* [Dataset records]
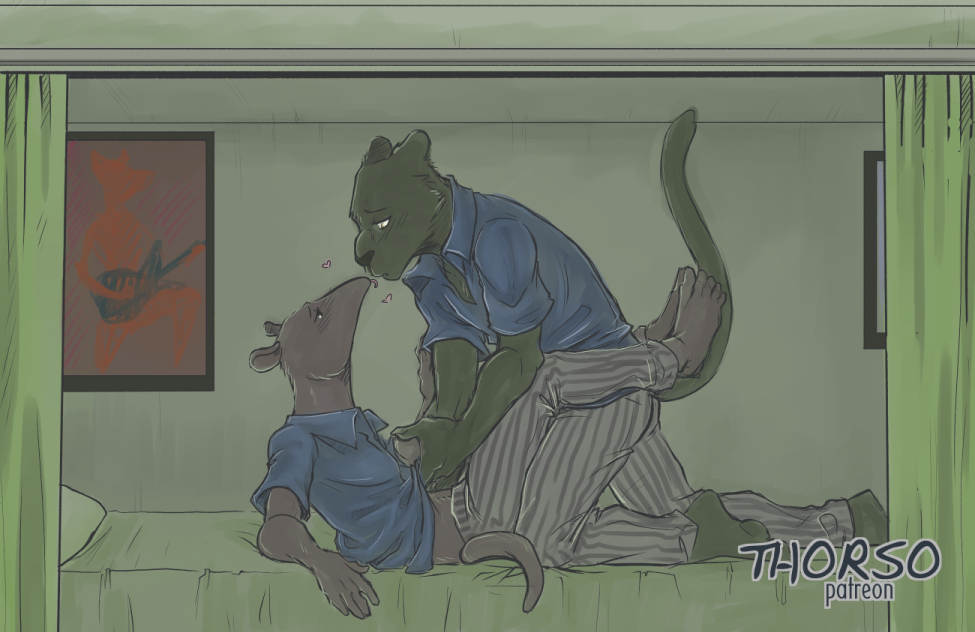 2020 anteater anthro anthro_on_anthro beastars bed bottomwear clothed clothing duo felid furniture interspecies kibi_(beastars) kissing male male/male mammal on_bed pantherine pants pilosan shirt side_view tao_(beastars) thorso_the_vile topwear undressing xenarthran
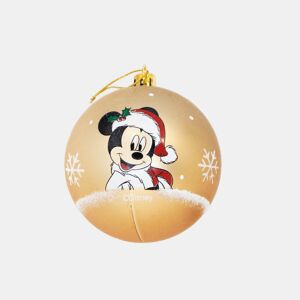 Bola de Natal Mickey Mouse Happy smiles Dourado 10 Unidades Plástico (Ø 6 cm)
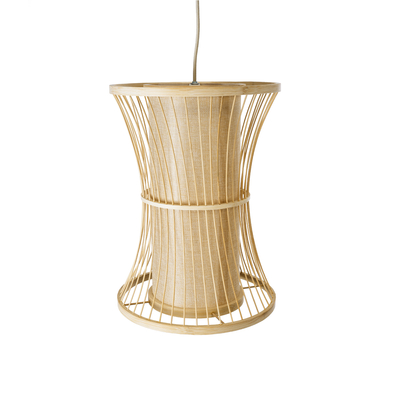 GloboStar® HIBISCUS 01932 Boho Κρεμαστό Φωτιστικό Πλέγμα Μονόφωτο 1 x E27 IP20 Μπεζ Ξύλο - Μ30 x Π30 x Υ40cm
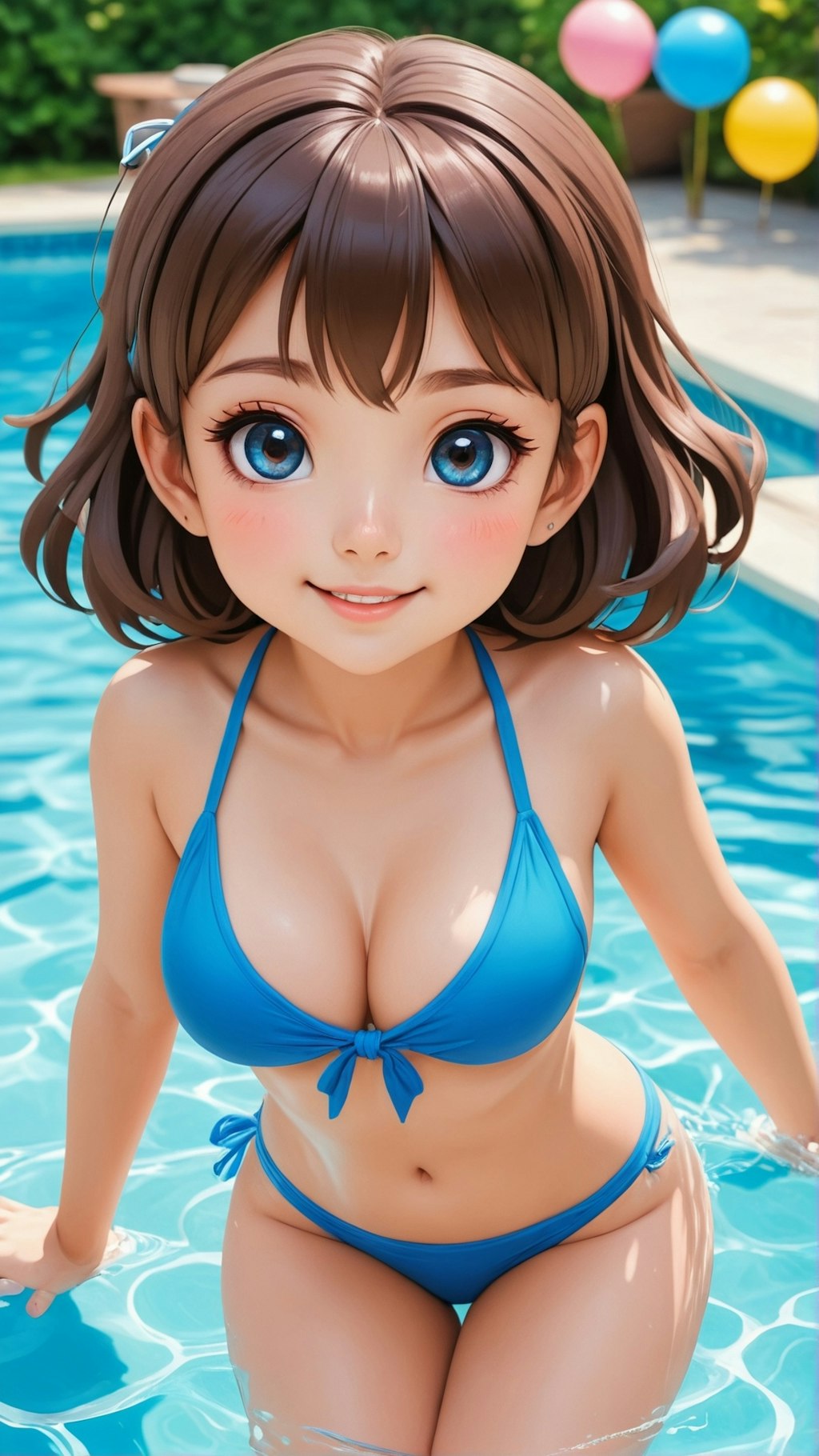 Bikini babe big eyes realistic anime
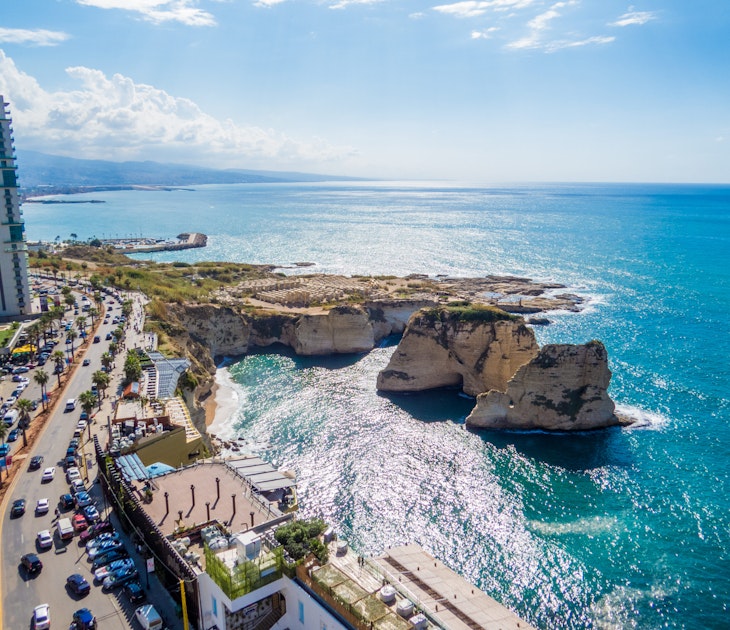 BEIRUT, LEBANON - NOVEMBER 2, 2017 - Aerial view of the Pigeons' Rocks on Raouche.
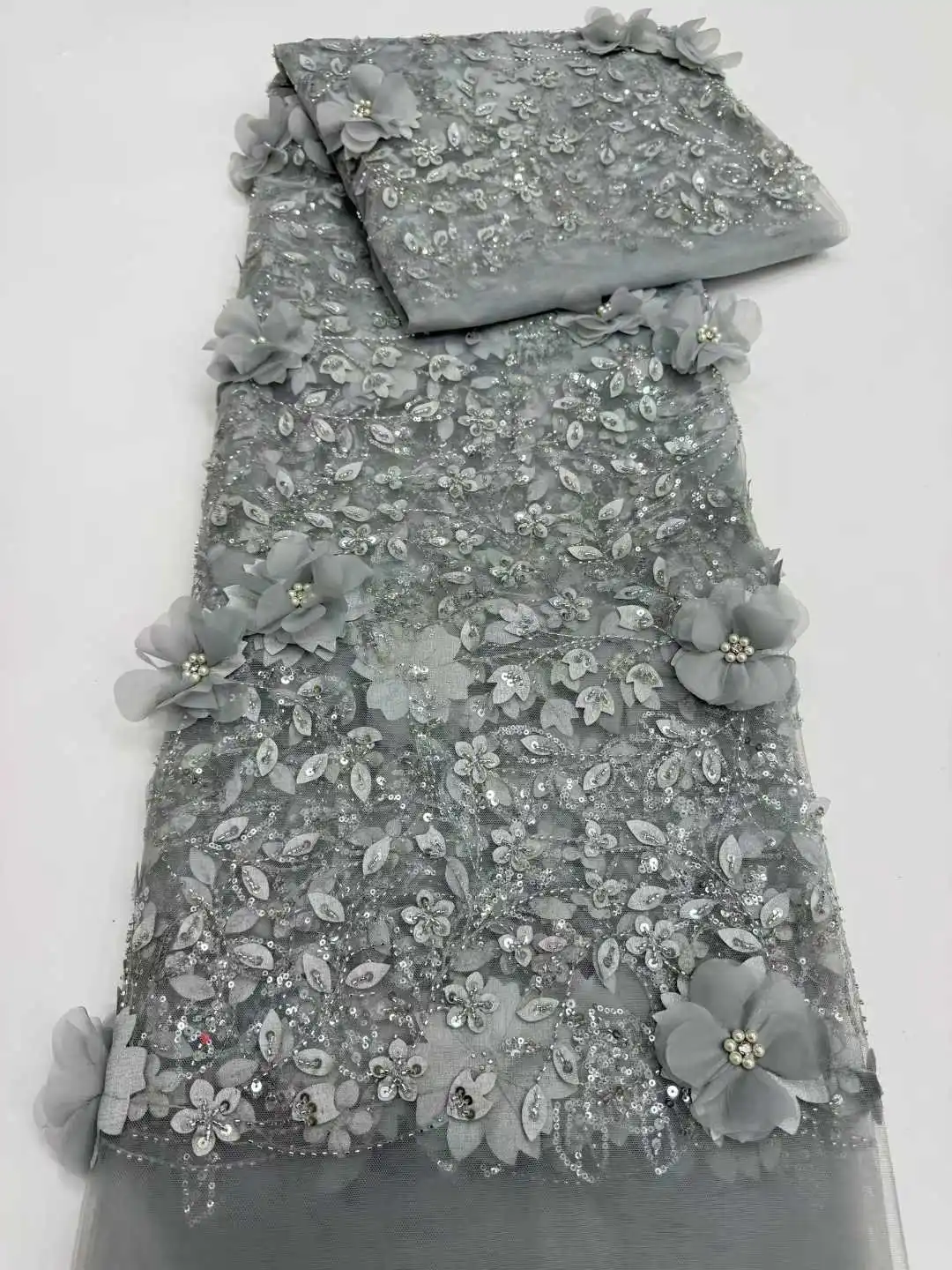 2026 High-Quality Nigerian Tulle 3D Lace Fabric Embroidery Sequins Party Guipure Chiffon 5Yards for Wedding Sewing Dress 2046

* [Your assignment] Only the lines from the one with "BEIRUT, LEBANON - NOVEMBER" through the end of the listing above should be output, exactly as written and with no pictures.

* [Solution for this exercise]
 BEIRUT, LEBANON - NOVEMBER 2, 2017 - Aerial view of the Pigeons' Rocks on Raouche.
 2026 High-Quality Nigerian Tulle 3D Lace Fabric Embroidery Sequins Party Guipure Chiffon 5Yards for Wedding Sewing Dress 2046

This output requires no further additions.